November 12, 2018
The OEM has announced various offloads and liquidations as it seeks to regain the confidence of investors.
Following on from last week’s release of its financial affairs, Toshiba has now also revealed that it is liquidating its British nuclear power unit, according to Reuters.
Furthermore, the OEM is also selling its US liquified natural gas (LNG) business to ENN Group, of China, as part of a new five-year business strategy that will see five percent of its workforce – 7,000 jobs – become redundant.
The announcement by the 143-year old company sent share prices surging, after a long period of uncertainly and distrust following its 2015 accounting scandal, which forced Toshiba to face up to huge overruns as Westinghouse – the company’s now-defunct US nuclear operation.

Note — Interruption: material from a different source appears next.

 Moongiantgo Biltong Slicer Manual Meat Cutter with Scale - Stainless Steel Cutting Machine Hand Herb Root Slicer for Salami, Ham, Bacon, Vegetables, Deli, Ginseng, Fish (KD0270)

The consequences of this scandal forced the sale of Toshiba’s memory chip unit, to a Bain Capital-led consortium, and leaving the corporation “with few growth businesses.”
Reacting to the news, Hiroyuki Fukunaga, CEO at financial advice firm Investrust, said: “There had been reports about a possibility of selling non-performing business and job cuts so such moves had been expected at some point. But investors are taking heart; the share buyback announcement worth up to 40 percent of outstanding shares is definitely positive, too.”
Reuters argues that the OEM had been long-attempting to offload troubled assets “that could have exposed the Japanese company to future losses.” However, the cutbacks are described as “a blow to Britain’s plans to build a nuclear plant that was meant to provide 7 percent of the country’s electricity,” with the future of the Moorside, Cumbria site now up in the air. Similarly, South Korea’s state-run Korea Electric Power Corp, which was in talks to buy a stake in the disbanded nuclear unit, said it would be monitoring the liquidation process alongside the country’s Energy Ministry.
On the LNG front, meanwhile, Toshiba has reportedly “spent years trying to either sell the gas to power customers or offload the business,” after Asian LNG prices plunged 42 percent in the past five years.
As part of the offload, Toshiba will pay ENN Group $821 million (€728.8 million) “to assume its commitment to purchase 2.2 million tonnes per year of the fuel from Freeport LNG in Texas”, the company that Toshiba bought the unit from.
According to the OEM, these changes will “help it bolster its profitability in the longer run.”